- [ACTIVITY] Find the line with "Empty market stalls" in the records below. Output exactly from there until after the line with "Delicious tacos with", without pictures.

▬▬▬

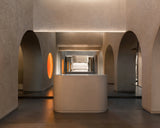 The reception area of the Monos Georgetown store, framed by textured stone arches and softly glowing circular light features. A curved minimalist counter stands at the center, reflecting the warm tones of the surrounding mirrors and brushed steel surfaces.
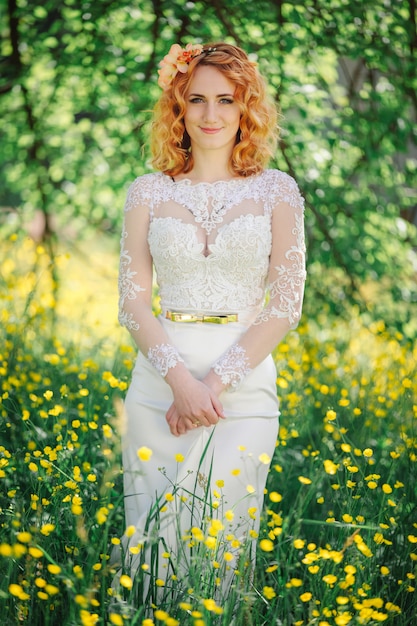 Красивая рыжая невеста в стильном свадебном платье в цветущем весеннем саду. Привлекательная рыжеволосая девушка в белом кружевном платье гуляет в зеленом парке.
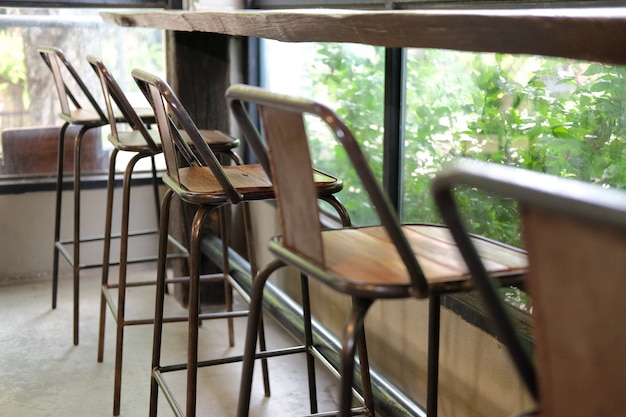 Stool in cafe coffee shop near garden window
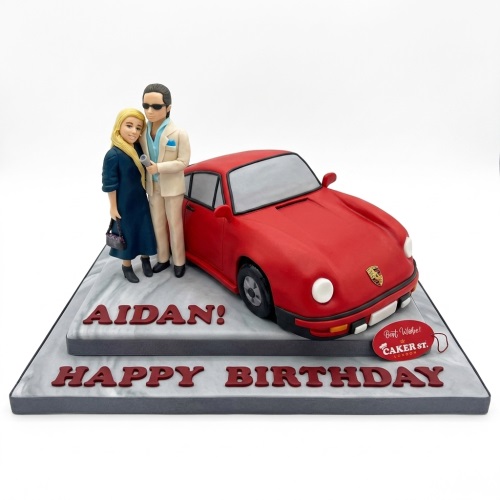 Red sports car cake with male and female figures and 'Happy Birthday' message.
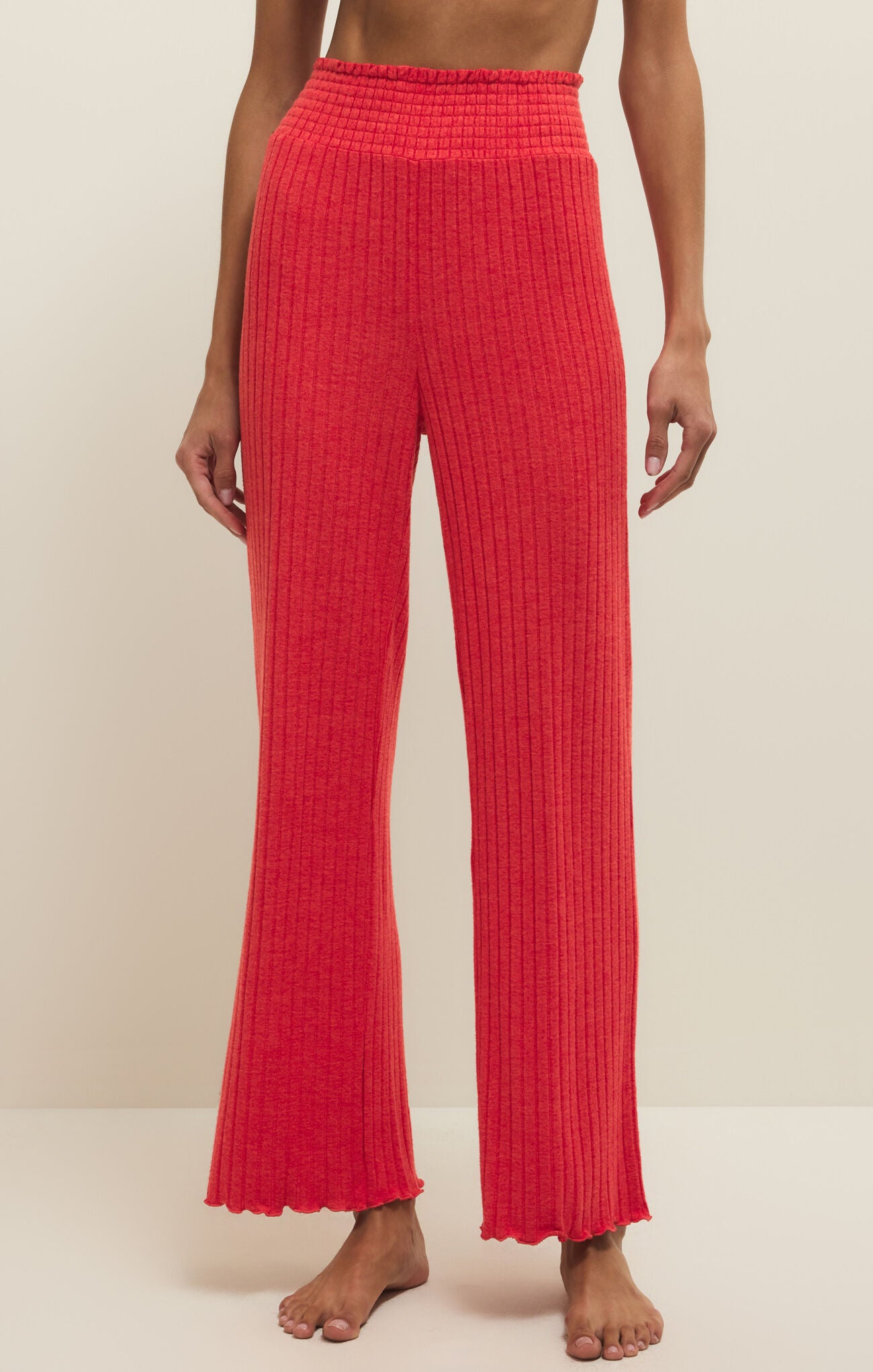 Red ribbed pants worn by a person on a beige background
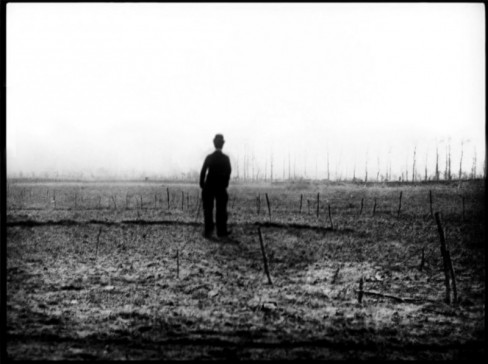 Silhouette of Charlie Chaplin in a barren field 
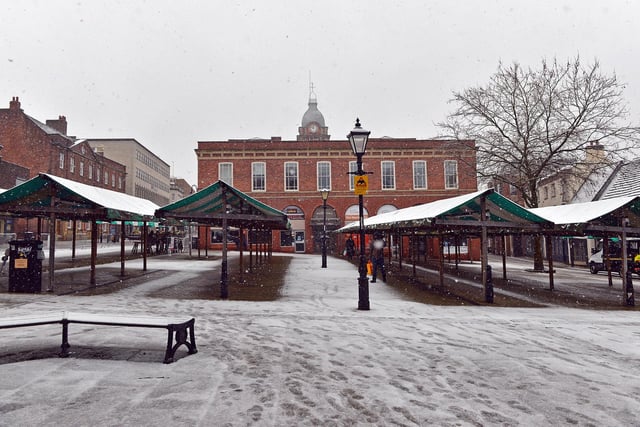 Empty market stalls looking pretty in the snow in Chesterfield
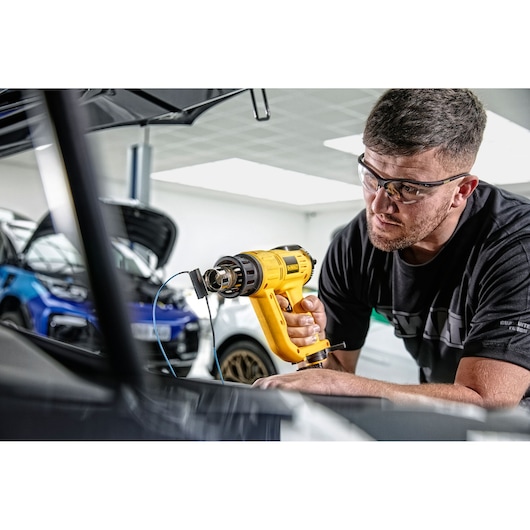 A person using a yellow DEWALT heat gun (model D26414) inside a car workshop. The person's face is blurred, and there are cars with open hoods in the background.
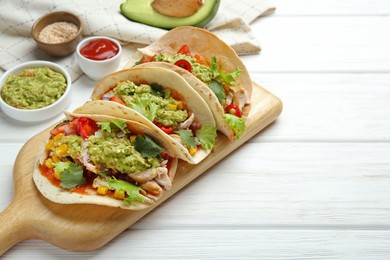 Delicious tacos with guacamole, meat and vegetables on white wooden table. Space for text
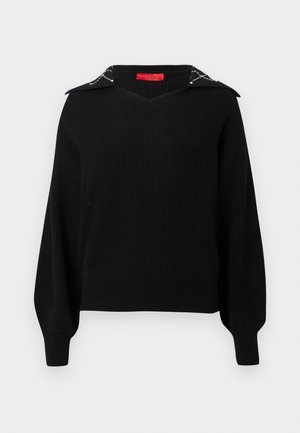 Pull en maille noir avec un décolleté en V et un large col orné de détails argentés. Manches longues et larges avec des poignets ajustés.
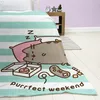 A blanket with a Pusheen cat design is spread on a bed, with a pizza box, donut, and game controller nearby. Produktbild-Vorschau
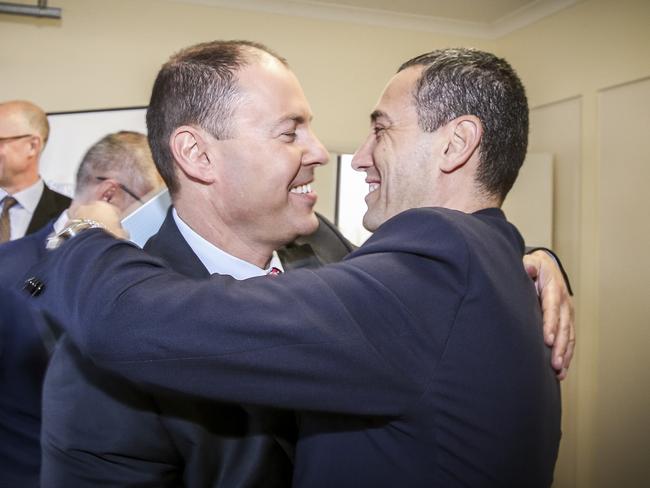 It was all fine before the presser ... Josh Frydenberg hugs Tom Koutsantonis. Picture: Mike Burton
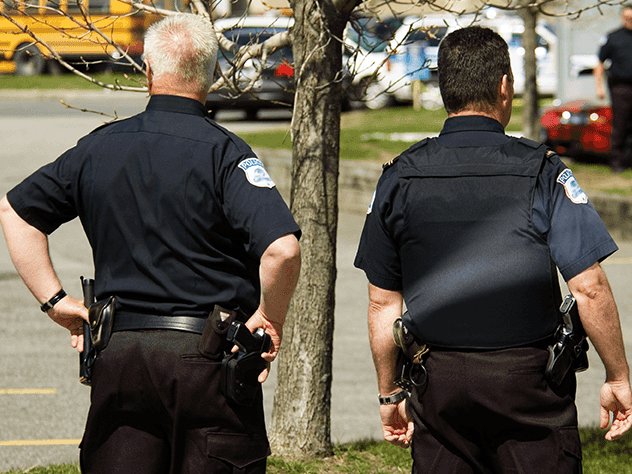 Two uniformed police officers standing watch outdoors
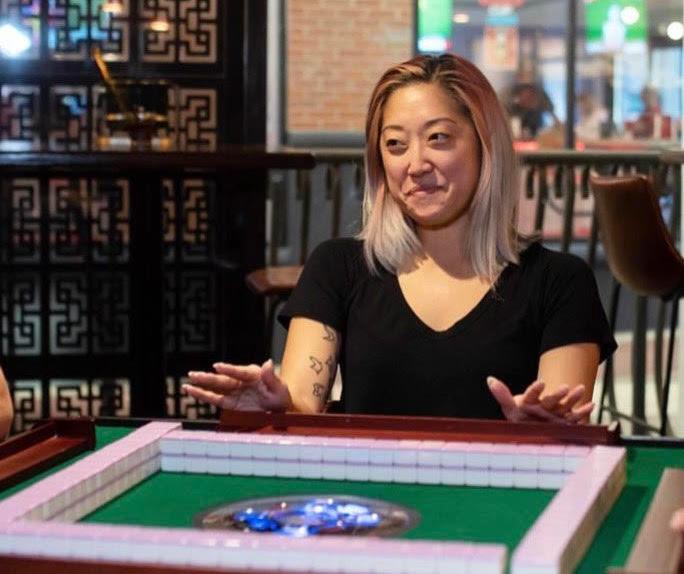 Nalee Kim playing Mahong while smiling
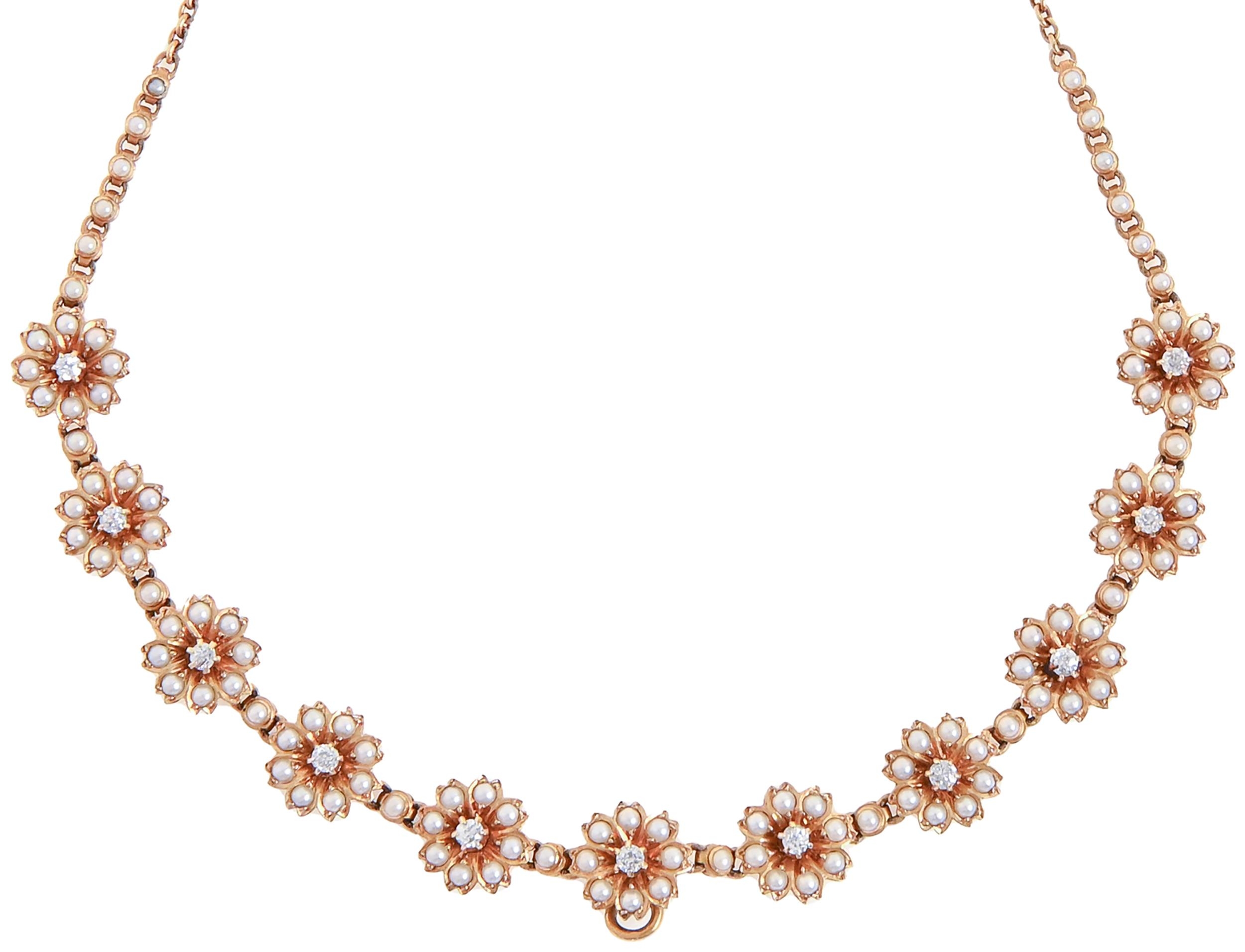 A diamond and split pearl necklet, early 20th c, the eleven flower clusters divided by single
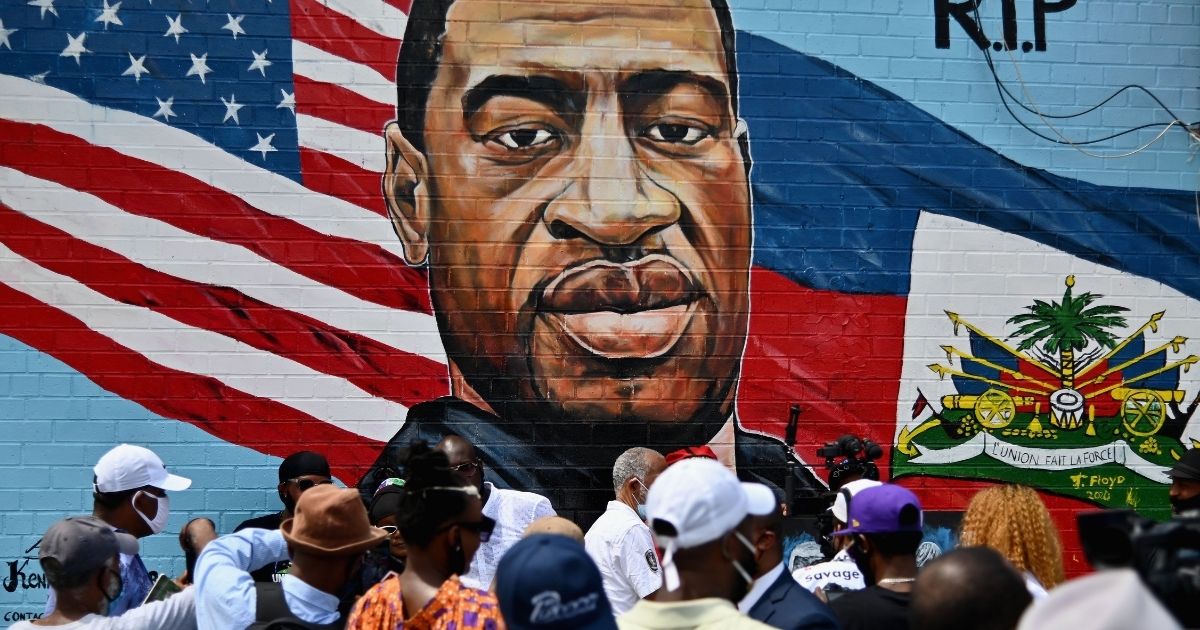 People gather at the unveiling of a memorial portrait of George Floyd on July 13, 2020, in Brooklyn, New York.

▬▬▬

- [RESPONSE]
 Empty market stalls looking pretty in the snow in Chesterfield
 A person using a yellow DEWALT heat gun (model D26414) inside a car workshop. The person's face is blurred, and there are cars with open hoods in the background.
 Delicious tacos with guacamole, meat and vegetables on white wooden table. Space for text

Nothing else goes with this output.